Baby's Got the Blues

The Blues* I got myself a little baby office. I swore off Ikea furniture a few years ago but I am not spending a lot of money on work stuff. No way. Plus, some of their newer stuff looks pretty good so we bought a few items. Rob and I assembled a couple desks in it last weekend. Then we christened it.

* On our way home we stopped to rent a movie. We wanted something light so we rented "Monster-in-Law". I have now added the name Jennifer Lopez to the list of actors whose movies I refuse to watch. Just awful. And Jane Fonda made her comeback with that? Did she not read the script? Oh, we also rented a movie called "Plow That Butt". It was just as bad (actually it was slightly better cuz Ms. Lopez was not in it).

It never fails when we rent a porno that some innocent looking girl wearing a pink sweater with little flowers on it is also ready to check out. She was renting a Jennifer Love Hewitt DVD. She patiently waited behind us. I caught her eyes checking the box out a few times. There was a large picture of a hole on it. I wonder what she was thinking.

* I was forced to watch that Extreme Makeover: Home Edition show on Sunday again. Hmm, not sure about that show. The first couple episodes were kinda endearing. Now it's just schmaltzy and exploitive, I think. Are those people who "work and design" the home actors? They can't possibly be the real people doing the actual shit, can they? They're always crying.

Building a home in 7 days is also kinda scary. Not so sure I would trust the structure of a house built that quickly. Also, what happens to the resale value. Obviously, rooms can be painted and what-not after a few years but some of these rooms are gonna cost a fortune to renovate cuz they're so freakin' weird. That bedroom you built into a dinosaur haven for 11-year old Timmy is gonna look real silly when his hormones are raging and he wants to bring a girl (or boy) over while his folks are away. And how 'bout that bed you made into a crayon for Little Suzi cuz she likes to color? That's gonna make her LOSE friends in a couple years. I used to be into football and Jaclyn Smith when I was 10. Look what happened to me. I definitely want to see a follow up show to all these homes in 10 years.

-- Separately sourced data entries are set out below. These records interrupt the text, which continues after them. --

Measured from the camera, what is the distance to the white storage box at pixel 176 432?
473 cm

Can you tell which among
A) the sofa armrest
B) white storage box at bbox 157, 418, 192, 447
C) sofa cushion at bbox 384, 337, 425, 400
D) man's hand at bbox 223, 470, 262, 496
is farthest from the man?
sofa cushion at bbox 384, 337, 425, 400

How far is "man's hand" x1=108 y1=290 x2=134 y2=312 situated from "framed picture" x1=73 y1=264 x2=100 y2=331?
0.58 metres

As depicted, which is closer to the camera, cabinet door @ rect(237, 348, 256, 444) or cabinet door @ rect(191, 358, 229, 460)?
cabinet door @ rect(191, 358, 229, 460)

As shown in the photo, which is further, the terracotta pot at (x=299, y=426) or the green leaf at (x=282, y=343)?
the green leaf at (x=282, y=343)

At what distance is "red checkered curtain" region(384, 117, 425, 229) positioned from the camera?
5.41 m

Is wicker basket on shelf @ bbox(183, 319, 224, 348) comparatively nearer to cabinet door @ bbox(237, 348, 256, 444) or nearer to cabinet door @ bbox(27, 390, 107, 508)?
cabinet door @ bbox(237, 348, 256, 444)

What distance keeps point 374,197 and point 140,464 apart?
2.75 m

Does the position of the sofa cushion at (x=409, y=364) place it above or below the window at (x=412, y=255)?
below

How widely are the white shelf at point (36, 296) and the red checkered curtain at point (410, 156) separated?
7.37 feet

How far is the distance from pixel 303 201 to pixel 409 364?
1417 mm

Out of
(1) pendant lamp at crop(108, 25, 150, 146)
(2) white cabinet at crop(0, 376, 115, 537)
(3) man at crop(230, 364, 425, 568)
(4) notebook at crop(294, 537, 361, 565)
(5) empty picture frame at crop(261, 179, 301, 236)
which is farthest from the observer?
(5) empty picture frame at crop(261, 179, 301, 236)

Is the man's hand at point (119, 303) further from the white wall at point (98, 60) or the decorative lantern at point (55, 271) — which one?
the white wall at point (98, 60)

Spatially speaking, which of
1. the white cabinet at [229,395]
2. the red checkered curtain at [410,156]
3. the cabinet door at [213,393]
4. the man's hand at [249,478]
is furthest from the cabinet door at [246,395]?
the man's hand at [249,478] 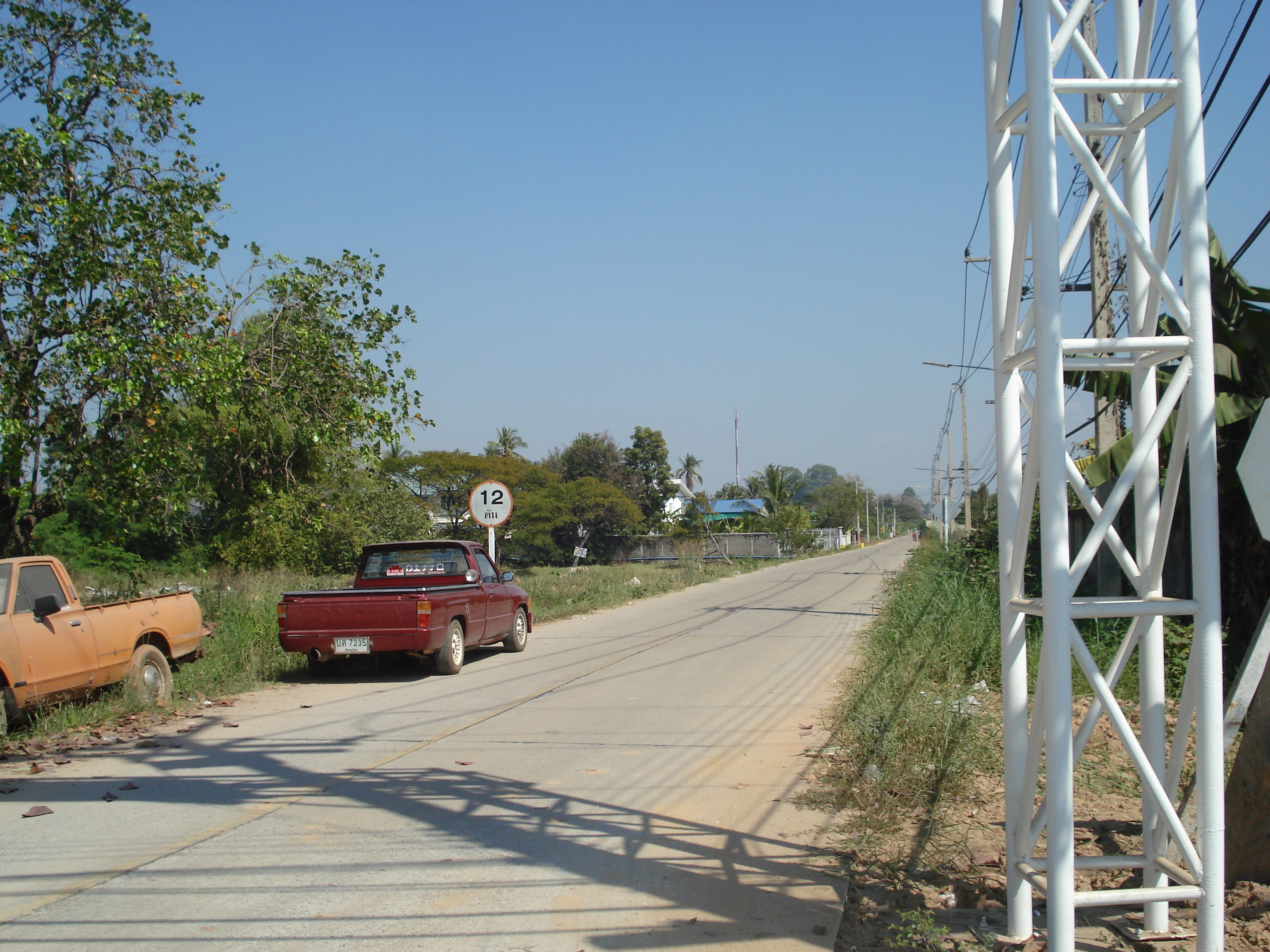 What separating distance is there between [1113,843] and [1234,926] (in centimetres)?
111

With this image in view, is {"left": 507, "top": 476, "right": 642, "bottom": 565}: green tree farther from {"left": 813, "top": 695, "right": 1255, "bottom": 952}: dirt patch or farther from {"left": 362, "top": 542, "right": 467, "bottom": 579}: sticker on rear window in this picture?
{"left": 813, "top": 695, "right": 1255, "bottom": 952}: dirt patch

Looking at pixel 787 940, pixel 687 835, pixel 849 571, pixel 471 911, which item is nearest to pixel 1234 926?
pixel 787 940

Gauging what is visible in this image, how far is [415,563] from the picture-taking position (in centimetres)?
1361

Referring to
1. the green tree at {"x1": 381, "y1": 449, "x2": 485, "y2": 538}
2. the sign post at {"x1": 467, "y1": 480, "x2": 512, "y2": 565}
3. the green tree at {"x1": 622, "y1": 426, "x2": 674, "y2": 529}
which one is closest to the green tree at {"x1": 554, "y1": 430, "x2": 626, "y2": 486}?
the green tree at {"x1": 622, "y1": 426, "x2": 674, "y2": 529}

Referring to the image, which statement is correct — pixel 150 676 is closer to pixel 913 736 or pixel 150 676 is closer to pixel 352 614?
pixel 352 614

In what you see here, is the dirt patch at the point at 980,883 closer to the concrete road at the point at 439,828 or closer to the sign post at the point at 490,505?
the concrete road at the point at 439,828

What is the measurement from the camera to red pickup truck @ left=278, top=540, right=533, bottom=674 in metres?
11.5

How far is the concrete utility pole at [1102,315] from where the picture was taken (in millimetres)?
12375

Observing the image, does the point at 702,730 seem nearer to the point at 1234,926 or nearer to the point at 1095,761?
the point at 1095,761

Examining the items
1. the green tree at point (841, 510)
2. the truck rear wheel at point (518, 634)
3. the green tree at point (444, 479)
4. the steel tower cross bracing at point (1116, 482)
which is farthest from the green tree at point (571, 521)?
the steel tower cross bracing at point (1116, 482)

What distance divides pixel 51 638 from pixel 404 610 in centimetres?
382

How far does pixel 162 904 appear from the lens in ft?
15.5

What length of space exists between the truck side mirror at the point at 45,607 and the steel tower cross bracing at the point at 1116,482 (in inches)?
307

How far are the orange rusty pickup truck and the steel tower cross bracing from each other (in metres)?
7.84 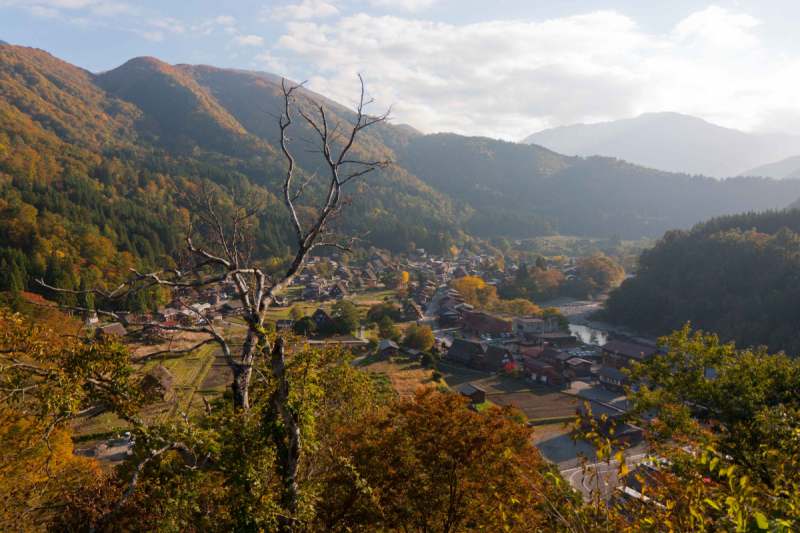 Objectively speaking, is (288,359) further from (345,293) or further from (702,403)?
(345,293)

* So glad "Curb Your Enthusiasm" is back.

* I am so old. I just heard a remake of that Roxette song, "Listen to Your Heart". Dear god, am I really that old? I also saw a preview for a remake of "The Fog". I saw that in the theater. Can this really be happening?

* Finally got my ass back to the gym and then found out the rates are going up. Is $80/month too much? I'm not familiar with what other gyms charge these days. My gym is so convenient and actually nice. They are, however, building another one right across the street from me. If it's cheaper and has good equipment and space, I am so there.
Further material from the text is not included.